WHAT DOES THE IMPAROLE SPEECH THERAPIST DO IN REHABILITATION DO? HOW DOES IT HELP CHILD AND PARENTS?
In the rehabilitation of fluency different approaches can be used, but all have as a common basis the involvement of parents.
Through a family counselling with the speech therapist and, in cases where deemed necessary, also with the psychotherapist, we try to understand together with the parents what strategies could be adopted at home to facilitate the fluency of the child.
In many cases, in fact, when the child is very small, the intervention is indirect.
Through the networking between speech therapist and parents, it is possible to solve the problem without an intervention on the child.
In other cases, however, when the child is larger and active in therapy, he or she tries to identify the most suitable strategies for overcoming the difficulties linked to the rhythm of the interview, breathing, speed and insecurity.

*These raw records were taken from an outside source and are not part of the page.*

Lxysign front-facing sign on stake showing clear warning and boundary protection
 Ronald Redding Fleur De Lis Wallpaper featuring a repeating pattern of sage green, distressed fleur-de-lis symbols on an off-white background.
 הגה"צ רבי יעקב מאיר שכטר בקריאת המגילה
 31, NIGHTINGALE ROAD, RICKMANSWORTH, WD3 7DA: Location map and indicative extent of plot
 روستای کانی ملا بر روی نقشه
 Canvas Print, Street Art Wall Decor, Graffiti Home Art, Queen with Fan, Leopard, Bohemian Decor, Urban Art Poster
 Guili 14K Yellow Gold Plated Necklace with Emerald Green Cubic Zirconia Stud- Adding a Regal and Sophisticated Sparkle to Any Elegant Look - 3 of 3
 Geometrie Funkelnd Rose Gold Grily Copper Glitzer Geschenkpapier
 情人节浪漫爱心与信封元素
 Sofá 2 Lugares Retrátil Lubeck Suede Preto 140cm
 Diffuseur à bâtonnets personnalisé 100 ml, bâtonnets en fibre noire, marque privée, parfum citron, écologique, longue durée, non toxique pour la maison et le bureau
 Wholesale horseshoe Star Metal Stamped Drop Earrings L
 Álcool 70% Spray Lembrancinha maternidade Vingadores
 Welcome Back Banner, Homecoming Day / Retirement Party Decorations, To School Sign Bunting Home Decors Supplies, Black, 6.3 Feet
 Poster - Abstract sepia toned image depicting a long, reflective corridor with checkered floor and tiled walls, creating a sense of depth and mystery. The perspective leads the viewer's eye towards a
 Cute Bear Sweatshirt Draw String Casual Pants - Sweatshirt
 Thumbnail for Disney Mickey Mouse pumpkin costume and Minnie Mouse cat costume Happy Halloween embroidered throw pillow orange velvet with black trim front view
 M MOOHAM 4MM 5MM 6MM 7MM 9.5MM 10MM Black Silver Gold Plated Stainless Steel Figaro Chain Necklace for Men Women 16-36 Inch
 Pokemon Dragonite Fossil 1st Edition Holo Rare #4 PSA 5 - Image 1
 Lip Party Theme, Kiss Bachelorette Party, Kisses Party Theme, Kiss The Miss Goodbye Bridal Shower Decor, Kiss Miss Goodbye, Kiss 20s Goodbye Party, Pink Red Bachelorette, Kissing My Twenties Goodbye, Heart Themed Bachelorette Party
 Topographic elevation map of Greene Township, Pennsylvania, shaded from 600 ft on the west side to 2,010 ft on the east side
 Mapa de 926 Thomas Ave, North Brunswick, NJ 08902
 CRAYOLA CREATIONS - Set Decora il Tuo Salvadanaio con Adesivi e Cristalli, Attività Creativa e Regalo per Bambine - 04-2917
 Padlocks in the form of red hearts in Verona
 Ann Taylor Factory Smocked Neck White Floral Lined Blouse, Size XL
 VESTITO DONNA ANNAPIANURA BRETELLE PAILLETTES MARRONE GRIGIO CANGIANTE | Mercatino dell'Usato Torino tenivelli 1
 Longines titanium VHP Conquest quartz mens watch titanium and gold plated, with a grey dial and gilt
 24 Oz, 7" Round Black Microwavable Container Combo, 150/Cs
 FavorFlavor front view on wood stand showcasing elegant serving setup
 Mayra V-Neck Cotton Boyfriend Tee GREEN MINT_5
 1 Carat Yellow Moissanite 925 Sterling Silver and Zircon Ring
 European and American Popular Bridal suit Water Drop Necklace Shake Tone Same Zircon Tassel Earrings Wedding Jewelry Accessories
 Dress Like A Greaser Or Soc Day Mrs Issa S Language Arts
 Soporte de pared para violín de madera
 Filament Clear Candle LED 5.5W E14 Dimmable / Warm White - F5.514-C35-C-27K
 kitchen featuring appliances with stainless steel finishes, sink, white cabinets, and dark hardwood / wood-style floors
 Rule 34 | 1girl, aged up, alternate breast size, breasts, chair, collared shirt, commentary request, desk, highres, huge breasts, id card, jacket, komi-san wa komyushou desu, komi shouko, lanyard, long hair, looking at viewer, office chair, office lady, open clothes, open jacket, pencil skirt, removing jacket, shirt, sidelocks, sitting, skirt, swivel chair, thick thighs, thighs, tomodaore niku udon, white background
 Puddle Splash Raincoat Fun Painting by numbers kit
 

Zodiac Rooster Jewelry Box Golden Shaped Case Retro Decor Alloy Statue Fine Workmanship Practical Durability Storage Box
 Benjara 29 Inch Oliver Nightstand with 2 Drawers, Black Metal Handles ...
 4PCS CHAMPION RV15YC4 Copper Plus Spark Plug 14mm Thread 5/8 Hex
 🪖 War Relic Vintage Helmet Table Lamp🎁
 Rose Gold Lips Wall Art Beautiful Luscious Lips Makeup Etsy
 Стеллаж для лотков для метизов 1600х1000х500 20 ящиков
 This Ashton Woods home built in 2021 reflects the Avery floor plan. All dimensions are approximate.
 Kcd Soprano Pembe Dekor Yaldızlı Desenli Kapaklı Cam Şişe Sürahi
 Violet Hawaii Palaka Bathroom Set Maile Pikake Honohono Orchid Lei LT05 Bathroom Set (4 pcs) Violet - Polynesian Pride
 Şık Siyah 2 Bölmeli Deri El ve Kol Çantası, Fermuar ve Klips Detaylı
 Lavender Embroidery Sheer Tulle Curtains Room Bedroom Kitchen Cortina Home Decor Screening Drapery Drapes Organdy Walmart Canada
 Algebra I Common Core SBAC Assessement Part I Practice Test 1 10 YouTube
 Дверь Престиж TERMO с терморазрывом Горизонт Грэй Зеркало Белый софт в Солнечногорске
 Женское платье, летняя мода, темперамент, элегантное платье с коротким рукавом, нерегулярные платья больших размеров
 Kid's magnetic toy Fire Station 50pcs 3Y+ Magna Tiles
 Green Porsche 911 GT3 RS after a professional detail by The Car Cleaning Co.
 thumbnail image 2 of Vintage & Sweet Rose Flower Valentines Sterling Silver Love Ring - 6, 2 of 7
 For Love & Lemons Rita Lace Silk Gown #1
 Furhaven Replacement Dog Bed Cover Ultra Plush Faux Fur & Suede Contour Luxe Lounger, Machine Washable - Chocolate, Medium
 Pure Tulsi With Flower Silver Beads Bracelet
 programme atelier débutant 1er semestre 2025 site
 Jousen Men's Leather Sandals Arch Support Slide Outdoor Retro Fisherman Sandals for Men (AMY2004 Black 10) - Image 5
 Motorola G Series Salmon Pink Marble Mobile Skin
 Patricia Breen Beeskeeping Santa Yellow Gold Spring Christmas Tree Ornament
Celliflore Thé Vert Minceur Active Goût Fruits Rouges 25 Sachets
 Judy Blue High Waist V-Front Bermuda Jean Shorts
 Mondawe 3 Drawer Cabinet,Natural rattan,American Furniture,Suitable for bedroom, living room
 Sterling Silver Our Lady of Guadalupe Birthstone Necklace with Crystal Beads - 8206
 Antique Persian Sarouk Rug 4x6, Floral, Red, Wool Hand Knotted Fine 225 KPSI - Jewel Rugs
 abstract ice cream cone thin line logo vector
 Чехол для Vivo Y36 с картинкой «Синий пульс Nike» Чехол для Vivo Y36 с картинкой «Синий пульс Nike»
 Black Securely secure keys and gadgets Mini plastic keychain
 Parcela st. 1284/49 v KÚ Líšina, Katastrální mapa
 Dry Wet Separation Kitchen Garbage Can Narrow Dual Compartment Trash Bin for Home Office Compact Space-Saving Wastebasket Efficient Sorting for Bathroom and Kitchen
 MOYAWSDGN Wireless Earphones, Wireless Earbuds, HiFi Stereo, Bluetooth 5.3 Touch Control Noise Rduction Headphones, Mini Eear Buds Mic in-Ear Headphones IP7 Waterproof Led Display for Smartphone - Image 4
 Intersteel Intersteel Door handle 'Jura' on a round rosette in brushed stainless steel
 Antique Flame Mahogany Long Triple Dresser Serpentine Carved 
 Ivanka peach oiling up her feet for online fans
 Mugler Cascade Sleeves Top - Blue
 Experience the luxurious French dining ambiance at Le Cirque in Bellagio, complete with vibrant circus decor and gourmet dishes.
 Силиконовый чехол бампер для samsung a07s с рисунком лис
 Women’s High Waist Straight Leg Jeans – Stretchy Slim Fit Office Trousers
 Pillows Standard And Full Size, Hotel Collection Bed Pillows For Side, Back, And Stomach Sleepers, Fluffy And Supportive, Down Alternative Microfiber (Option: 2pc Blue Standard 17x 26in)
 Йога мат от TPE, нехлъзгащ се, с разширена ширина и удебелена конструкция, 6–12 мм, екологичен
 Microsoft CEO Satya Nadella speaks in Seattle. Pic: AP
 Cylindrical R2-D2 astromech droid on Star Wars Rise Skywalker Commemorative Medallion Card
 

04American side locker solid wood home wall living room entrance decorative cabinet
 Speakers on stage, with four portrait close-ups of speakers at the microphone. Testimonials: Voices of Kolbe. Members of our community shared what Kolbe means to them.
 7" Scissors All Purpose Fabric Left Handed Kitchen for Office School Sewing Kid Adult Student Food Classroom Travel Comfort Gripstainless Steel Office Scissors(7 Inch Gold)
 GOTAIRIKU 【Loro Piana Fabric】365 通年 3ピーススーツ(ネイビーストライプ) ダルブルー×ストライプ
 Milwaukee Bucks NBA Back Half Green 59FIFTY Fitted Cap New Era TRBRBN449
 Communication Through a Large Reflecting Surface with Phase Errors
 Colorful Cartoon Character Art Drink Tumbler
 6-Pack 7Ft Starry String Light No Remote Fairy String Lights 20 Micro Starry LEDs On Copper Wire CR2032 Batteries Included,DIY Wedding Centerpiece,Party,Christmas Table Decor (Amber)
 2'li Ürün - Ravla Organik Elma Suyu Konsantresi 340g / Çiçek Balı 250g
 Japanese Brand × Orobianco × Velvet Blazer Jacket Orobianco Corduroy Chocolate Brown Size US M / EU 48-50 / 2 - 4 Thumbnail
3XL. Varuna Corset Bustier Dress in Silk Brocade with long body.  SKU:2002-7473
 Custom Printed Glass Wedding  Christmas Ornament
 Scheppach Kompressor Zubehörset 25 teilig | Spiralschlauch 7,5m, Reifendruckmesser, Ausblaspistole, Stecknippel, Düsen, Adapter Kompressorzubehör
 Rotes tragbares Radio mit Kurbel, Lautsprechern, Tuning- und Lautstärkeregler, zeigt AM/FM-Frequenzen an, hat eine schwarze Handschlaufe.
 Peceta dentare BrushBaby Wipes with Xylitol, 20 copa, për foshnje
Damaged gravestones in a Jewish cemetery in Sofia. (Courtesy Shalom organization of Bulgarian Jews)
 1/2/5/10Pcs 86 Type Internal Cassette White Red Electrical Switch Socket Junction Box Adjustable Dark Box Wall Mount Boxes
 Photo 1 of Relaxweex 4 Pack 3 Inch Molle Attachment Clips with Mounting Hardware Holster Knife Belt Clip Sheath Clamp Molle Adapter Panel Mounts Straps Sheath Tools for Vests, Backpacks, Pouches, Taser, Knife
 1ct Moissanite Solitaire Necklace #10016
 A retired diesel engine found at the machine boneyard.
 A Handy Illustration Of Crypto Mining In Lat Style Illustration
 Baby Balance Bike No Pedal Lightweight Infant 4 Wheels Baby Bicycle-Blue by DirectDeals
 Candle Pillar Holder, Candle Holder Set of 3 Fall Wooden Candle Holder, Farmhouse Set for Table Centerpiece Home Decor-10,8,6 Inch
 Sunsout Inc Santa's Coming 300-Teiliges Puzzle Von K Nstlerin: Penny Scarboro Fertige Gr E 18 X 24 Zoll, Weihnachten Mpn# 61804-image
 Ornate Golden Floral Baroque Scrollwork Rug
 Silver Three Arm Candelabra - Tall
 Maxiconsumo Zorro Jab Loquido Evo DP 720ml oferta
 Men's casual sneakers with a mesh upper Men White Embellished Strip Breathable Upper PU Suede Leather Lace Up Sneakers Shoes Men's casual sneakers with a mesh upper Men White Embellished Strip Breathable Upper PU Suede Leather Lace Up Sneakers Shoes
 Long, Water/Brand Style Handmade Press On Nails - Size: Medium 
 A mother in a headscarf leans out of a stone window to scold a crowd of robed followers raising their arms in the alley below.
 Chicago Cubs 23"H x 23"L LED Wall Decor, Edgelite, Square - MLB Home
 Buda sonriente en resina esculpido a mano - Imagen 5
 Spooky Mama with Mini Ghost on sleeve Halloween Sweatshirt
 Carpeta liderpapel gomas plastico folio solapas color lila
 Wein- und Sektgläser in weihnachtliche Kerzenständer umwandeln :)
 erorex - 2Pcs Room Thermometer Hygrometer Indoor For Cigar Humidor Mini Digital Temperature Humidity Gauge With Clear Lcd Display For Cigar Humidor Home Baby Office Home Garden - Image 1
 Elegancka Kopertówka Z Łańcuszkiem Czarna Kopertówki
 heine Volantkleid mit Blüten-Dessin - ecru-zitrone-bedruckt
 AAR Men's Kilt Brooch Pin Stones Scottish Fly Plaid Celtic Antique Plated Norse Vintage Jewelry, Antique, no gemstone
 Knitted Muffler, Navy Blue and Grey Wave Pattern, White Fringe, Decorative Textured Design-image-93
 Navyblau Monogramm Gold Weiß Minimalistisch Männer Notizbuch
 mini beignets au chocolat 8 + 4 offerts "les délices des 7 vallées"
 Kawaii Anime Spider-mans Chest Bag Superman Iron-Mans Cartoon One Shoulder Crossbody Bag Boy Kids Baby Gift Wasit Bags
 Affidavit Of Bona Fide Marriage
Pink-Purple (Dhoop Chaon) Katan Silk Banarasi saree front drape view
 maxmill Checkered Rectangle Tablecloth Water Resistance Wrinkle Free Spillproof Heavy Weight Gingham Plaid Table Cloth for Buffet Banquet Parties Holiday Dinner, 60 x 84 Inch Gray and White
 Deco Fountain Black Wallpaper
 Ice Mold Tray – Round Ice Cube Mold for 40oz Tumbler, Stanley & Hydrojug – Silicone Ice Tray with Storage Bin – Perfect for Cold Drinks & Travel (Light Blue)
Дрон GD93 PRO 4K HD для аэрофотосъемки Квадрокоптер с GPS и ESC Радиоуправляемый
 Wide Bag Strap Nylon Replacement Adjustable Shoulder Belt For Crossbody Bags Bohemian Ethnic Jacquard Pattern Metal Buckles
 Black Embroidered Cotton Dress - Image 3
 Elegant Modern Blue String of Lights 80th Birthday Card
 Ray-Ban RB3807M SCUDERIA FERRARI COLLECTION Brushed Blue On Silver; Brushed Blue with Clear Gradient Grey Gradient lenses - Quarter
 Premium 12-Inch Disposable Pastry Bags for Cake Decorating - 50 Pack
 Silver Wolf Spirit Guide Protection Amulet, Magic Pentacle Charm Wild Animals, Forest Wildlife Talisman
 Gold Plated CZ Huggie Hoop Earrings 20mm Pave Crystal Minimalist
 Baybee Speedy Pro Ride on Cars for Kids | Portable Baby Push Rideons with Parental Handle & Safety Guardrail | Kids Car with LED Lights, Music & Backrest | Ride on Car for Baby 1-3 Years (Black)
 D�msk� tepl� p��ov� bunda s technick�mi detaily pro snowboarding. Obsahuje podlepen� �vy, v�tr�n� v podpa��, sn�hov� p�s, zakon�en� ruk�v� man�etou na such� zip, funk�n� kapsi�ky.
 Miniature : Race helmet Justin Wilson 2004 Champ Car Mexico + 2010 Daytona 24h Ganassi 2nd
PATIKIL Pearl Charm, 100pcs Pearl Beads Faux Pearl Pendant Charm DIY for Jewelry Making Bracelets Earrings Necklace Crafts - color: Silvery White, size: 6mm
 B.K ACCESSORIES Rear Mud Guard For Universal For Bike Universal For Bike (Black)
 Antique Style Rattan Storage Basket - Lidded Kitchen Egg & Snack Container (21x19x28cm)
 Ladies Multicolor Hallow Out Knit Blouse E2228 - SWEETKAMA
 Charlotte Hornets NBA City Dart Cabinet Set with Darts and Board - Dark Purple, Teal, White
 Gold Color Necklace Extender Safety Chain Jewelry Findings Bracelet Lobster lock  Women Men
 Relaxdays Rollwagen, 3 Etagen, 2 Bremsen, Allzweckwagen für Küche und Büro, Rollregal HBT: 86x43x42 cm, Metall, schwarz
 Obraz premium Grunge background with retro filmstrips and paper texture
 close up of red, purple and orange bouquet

WHAT MATERIALS DOES THE SPEECH THERAPIST USE IN THERAPY?
The speech therapist proposes both specific exercises: breathing techniques, slowing down the speed of speech and so on, as well as playful activities such as singing a song, telling one’s own experience at different speeds etc…..
HOW MANY TIMES A WEEK DOES THE SPEECH THERAPIST SEE THE CHILD?
Logopedical therapy for dysfluence is one-weekly.
HOW CAN THE PARENT HELP THE CHILD EVERY DAY?
In order to help parents understand the child’s difficulties and above all to overcome them, the speech therapist needs to understand what the behaviour of flu at home is.
For this reason, monitoring interviews are planned with parents where there is an exchange, a comparison between what emerges in therapy and what emerges at home.
Parents are advised to adopt communicative strategies to promote a better fluidity in the child’s language.
HOW DOES THE SPEECH THERAPIST WORK WITH THE TEACHER?
The speech therapist plans interviews with teachers, to understand how the child lives in school his or her difficulties related to fluency and understand how these can affect relations with peers and teachers, not to help the child’s self-esteem and therefore his or her experience.